What converts vbscript to machine code? - interpreted-language

Compiled languages like C# and java, have just in time compilers, that convert them (from byte code) into machine code (0s and 1s). How does an interpreted language like VBScript get converted into machine code? Is it done by the operating system?

They don't necessarily get converted to machine code (and often don't).
The interpreter for that program runs the appropriate actions according to what the program requires.
Some interpreters might generate machine code (using JIT compilers), others might stick to plain interpretation of the script.

I know this is old, but given that I can't comment (rep), I want to add a clarifying answer:
An interpreter is used to interpret the script (be it VBScript, javascript, python, or any other script) into individual instructions. These instructions can be in the form of machine code or an intermediate representation (that the OS or other program can use). Some interpreters are made for something closer to assembly language and the source code is more or less executed directly.
Most modern scripting languages (eg, Python, Perl, Ruby) are interpreted to an intermediate representation, or to an intermediate representation and into compiled (aka machine, aka object) code. The important distinction (vs compiled languages) is that an interpreter isn't taking an entire body of code and translating its meaning to machine code, it's taking each line at a time and interpreting its meaning as a standalone unit.
Think of this as the difference between translating an entire essay from English to Russian (compiled code) vs taking each sentence in the essay and translating it directly (interpreted code). You may get a similar effect, but the result won't be identical. More importantly, translating an entire essay as a total body of work takes a lot more effort than doing one sentence at a time as a standalone unit, but the whole translation will be much easier for Russian speakers to read than the rather clunky sentence-by-sentence version. Hence the tradeoff between compiling code vs interpreting code.
Source: https://en.wikipedia.org/wiki/Interpreter_(computing), experience

This is the answer I was looking for. Like javascript engine, there used to be a vbscript engine, that converted human readable code to machine code. This vbscript engine is analogous to the JIT compiler in CLR and JVM. Only that it converts directly from human readable code to machine code. As opposed to C# having an intermediate byte code.

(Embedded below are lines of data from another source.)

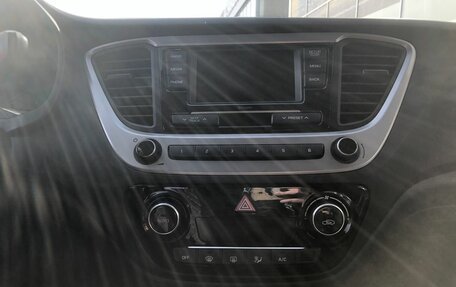 Hyundai Solaris II рестайлинг, 2017 год, 1 229 000 рублей, 14 фотография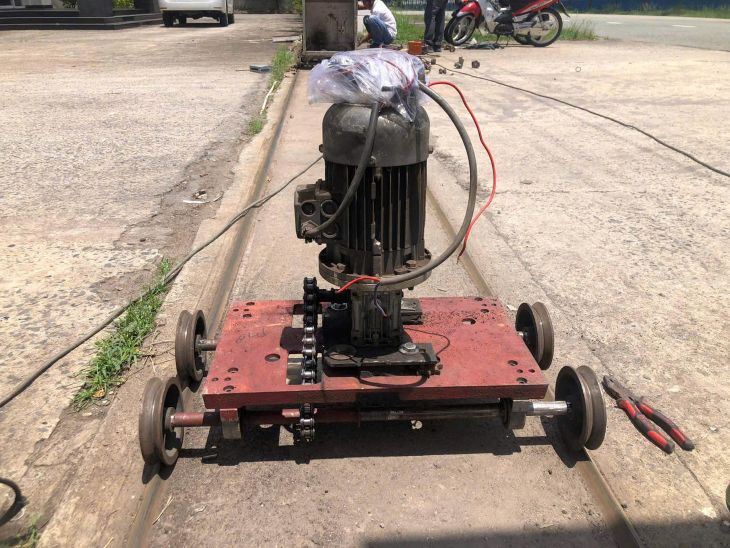 sua-chua-motor-cong-xep-tai-phuong-phu-loi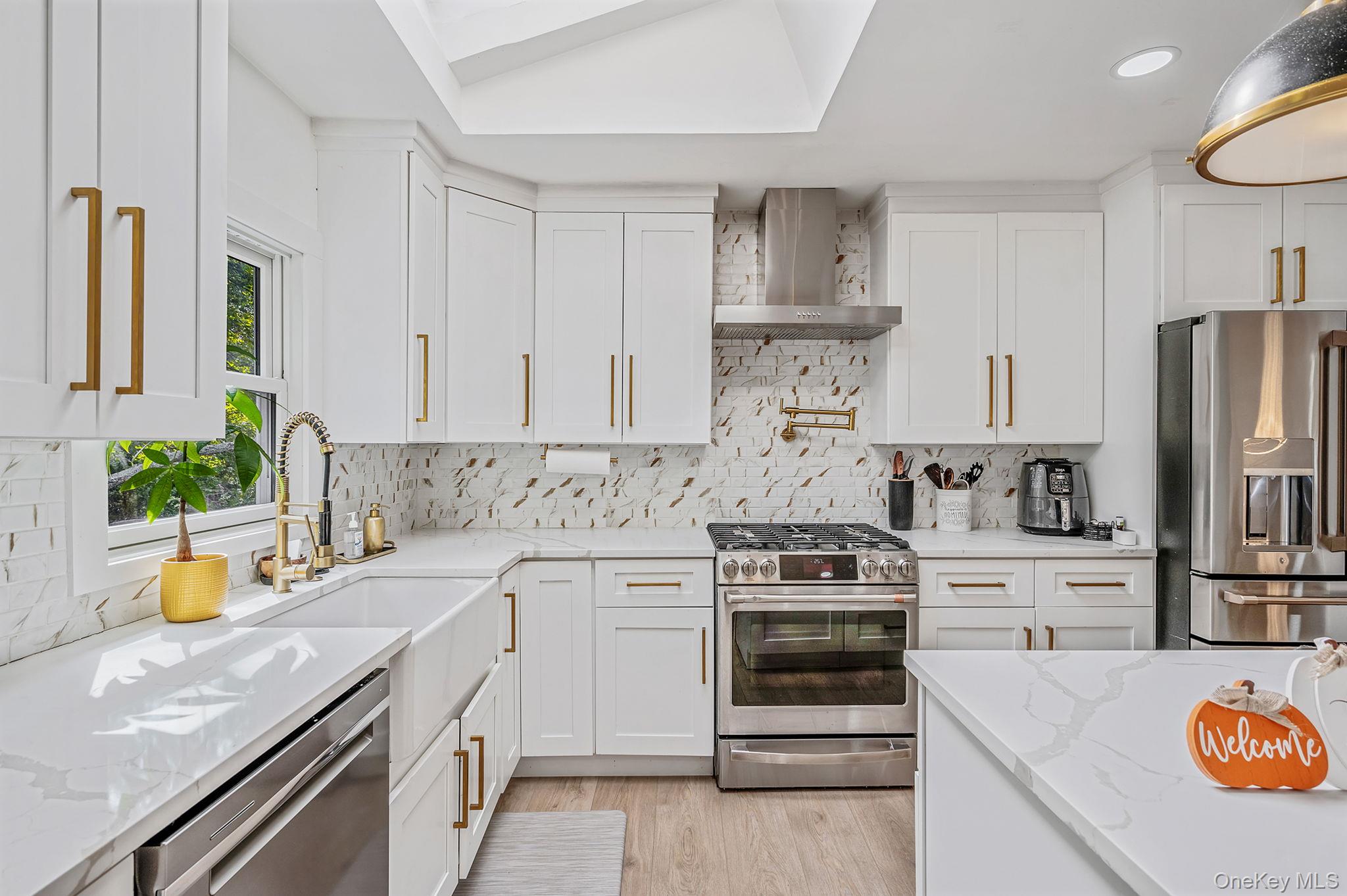 240 Babylon Street, Islip Terrace, NY 11752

Referring to this VB Script wikipedia article,
When VB script is executed in a browser it uses vbscript.dll to interpret VB script.
When VB script file is executed from command-line or a batch file then cscript.exe is used to interpret VB script.
When VB script is used by Windows OS itself for various purposes like showing error message boxes or yellow colored notification messages in the right corner of the task bar then it is interpreted using wscript.exe which is a windows service.

Related

What is a Interpreter to be exact?

According to Wikipedia an interpreter uses at least one of the following Strategies:
Parse the source code and perform its behavior directly;
Translate source code into some efficient intermediate representation or object code and immediately execute that;
Explicitly execute stored precompiled bytecode made by a compiler and matched with the interpreter Virtual Machine.
So is a program that reads code and executes it directly an interpreter? Does an interpreter need to convert code into binary? Does a compiler need to convert code into binary?
So is a program that reads code and executes it directly an interpreter?
Yes. By definition, an interpreter reads code, then performs what the code tells it to do. Unlike an interpreter, a compiler reads the code then makes an executable file that can be run later.
Does an interpreter need to convert code into binary?
Not always. An interpreter may just read the input code then perform what the code tells it to do, but another type of interpreters use JIT Compilation. Interpreters that use JIT Compilation turn the input code into machine code, but do not make an executable file. Instead, they run the code in memory then throw it away after it has been run. JIT Compilation can be faster than traditional interpreters.
Does a compiler need to convert code into binary?
Yes. In order to create an executable file, a compiler must first read the input code then turn it into something the computer can understand (machine code). This first step is just like JIT Compilation. Unlike JIT Compilation, compilers do not run the machine code it produces, and does not throw it away. Instead, it writes it to a file (called an executable file, or just executable) in a specific format for the OS it is being compiled on. This specific format is why Windows programs cannot run on Linux, and vice-versa.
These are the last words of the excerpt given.